Are Busted just three middle-aged blokes exhausted by an intense schedule?

Busted, O2 Arena
Nostalgia's a lucrative business: Busted - Lorne Thomson/Redferns

The former Millennium Dome is an apt venue for a band ubiquitous in the first few years of the 2000s — even though it was Year 3000 that Busted famously sang about. That song’s prophecy of enduring popularity has been somewhat fulfilled by the British teenybopper trio, whose current 20th anniversary tour sold out arenas in minutes.

Last week, Busted achieved their first No 1 album with Greatest Hits 2.0, a compilation of re-recorded tracks plucked from their first two multi-platinum albums. During their second appearance at London’s O2 Arena on Wednesday night, the band celebrated a reign that lasted only a few years due to the resignation of pouting heartthrob Charlie Simpson.

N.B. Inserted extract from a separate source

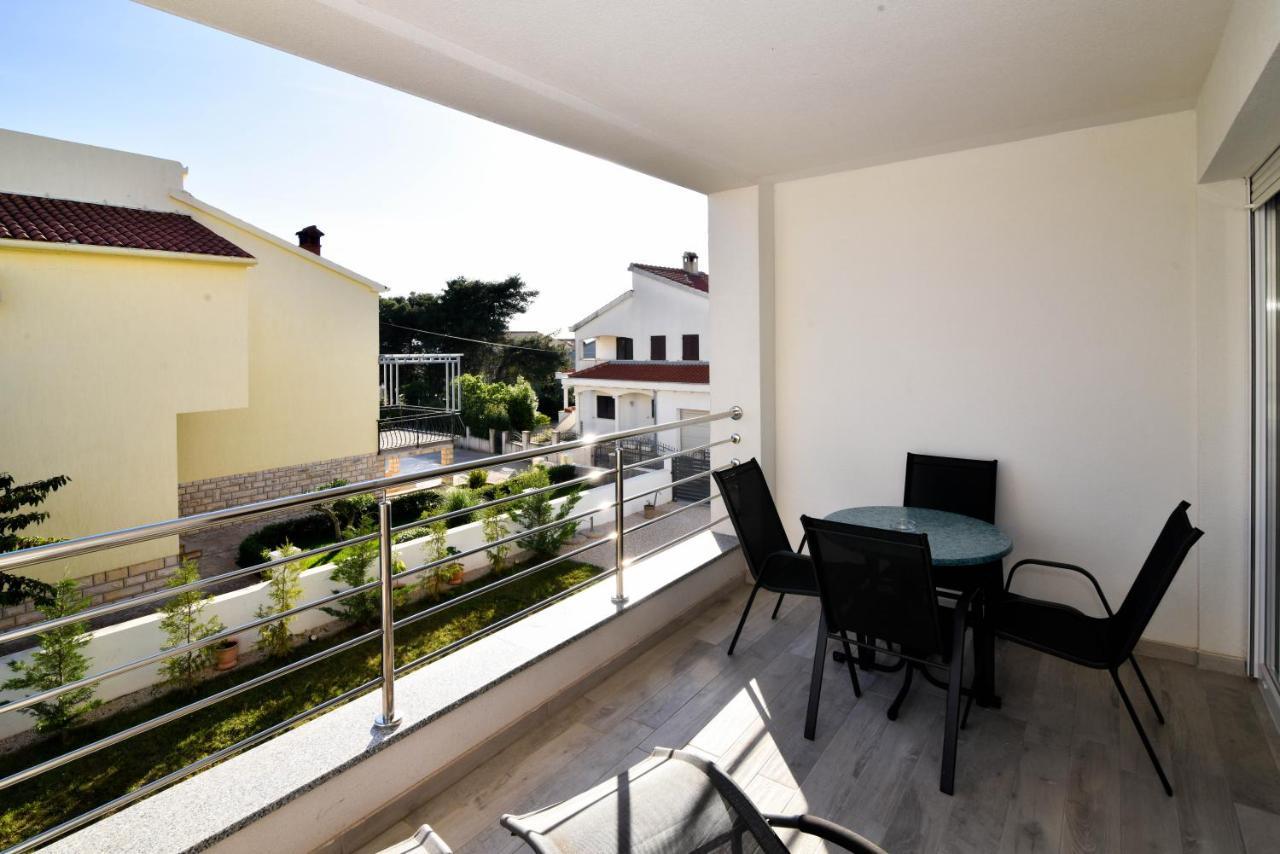 Apartment Carlotta *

Unbothered by the swampy sound quality, the crowd devoured hit after chirpy hit, including You Said No and What I Go To School For, while American pop-rockers Hanson joined the stage for their sickly 1997 mega-hit MMMBop.

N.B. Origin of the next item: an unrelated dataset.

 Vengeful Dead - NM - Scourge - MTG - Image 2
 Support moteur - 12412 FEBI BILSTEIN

Busted meshed a manufactured boyband image with the pop-punk sound already made popular across the pond by bands such as Green Day and Blink 182. Like boybands, the trio were plastered across every teen music mag in the land. Unlike boybands, they played live instruments (ish), wrote their own material, and sported baggy jeans and spiky hair: a rebel-lite persona that offered a gateway to guitar music for pre-teen listeners — as well as inspiring plenty of sneers.

But even for acts dismissed as novelties, nostalgia remains a lucrative business. At the O2, it was hard to tell whether Busted were enjoying themselves, going through the motions for the cash, or simply three men pushing 40 and exhausted by an intense schedule. Granted, bassist Matt Willis seemed full of beans. But guitarist James Bourne completed runway victory laps like an obedient yet tired sheepdog, while Simpson fulfilled the other definition of “resigned”, i.e. not the one he demonstrated in 2005 which terminated their chart rule.

Still, the reunion tour wheels turned slickly, if a little slowly. Twenty years on, there were fewer scissor jumps, but as old music videos flickered on giant screens behind the band, the presence of their younger selves dominated the arena. Busted have recently enjoyed a more positive reappraisal as part of the millennium’s light-hearted, commercial era of pop. It was this sense of fun and nostalgia that drove the show, despite the band’s promise of a new album and assurances that “we wanna do this sh** forever”. It’s probably unlikely Busted will reach the seventh album promised in Year 3000 — but who cares?